Mario Domínguez

Personal information
- Full name: Mario Domínguez Carriles
- Date of birth: 23 January 2009 (age 17)
- Place of birth: Gijón, Spain
- Position: Forward

Team information
- Current team: Valladolid B
- Number: 31

Youth career
- Ponferradina
- 2023–: Valladolid

Senior career*
- Years: Team / Apps / (Gls)
- 2025–: Valladolid B / 16 / (0)
- 2025–: Valladolid / 2 / (0)

= Mario Domínguez (footballer, born 2009) =

Spanish footballer (born 2009)

Mario Domínguez Carriles (born 23 January 2009) is a Spanish footballer who plays as a forward for Real Valladolid Promesas.

==Career==
Born in Gijón, Asturias but raised in Ponferrada, Castile and León, Domínguez joined Real Valladolid's youth sides in 2023, from SD Ponferradina. In September 2025, aged 16, he started to train with the first team under manager Guillermo Almada.
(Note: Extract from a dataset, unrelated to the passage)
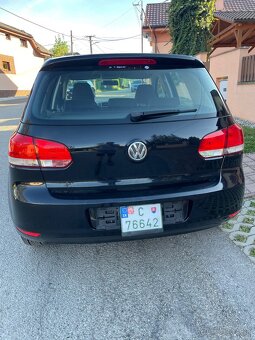 Vw golf 6 benzin 2010 95 tis km - 8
Domínguez made his senior debut with the reserves on 12 October 2025, coming on as late substitute in a 4–1 Segunda Federación home routing of CD Lealtad. He made his first team debut on 14 November, replacing Julien Ponceau late into a 1–0 Segunda División home loss to UD Las Palmas; aged 16 years and nearly ten months, he became the second-youngest player to debut for the club, only behind Luis Miguel Gail's debut in 1977.

==Personal life==
Domínguez's father, known as Fran, was also a footballer. A midfielder, he played in the second division with Recreativo de Huelva, Gimnàstic de Tarragona and Ponferradina.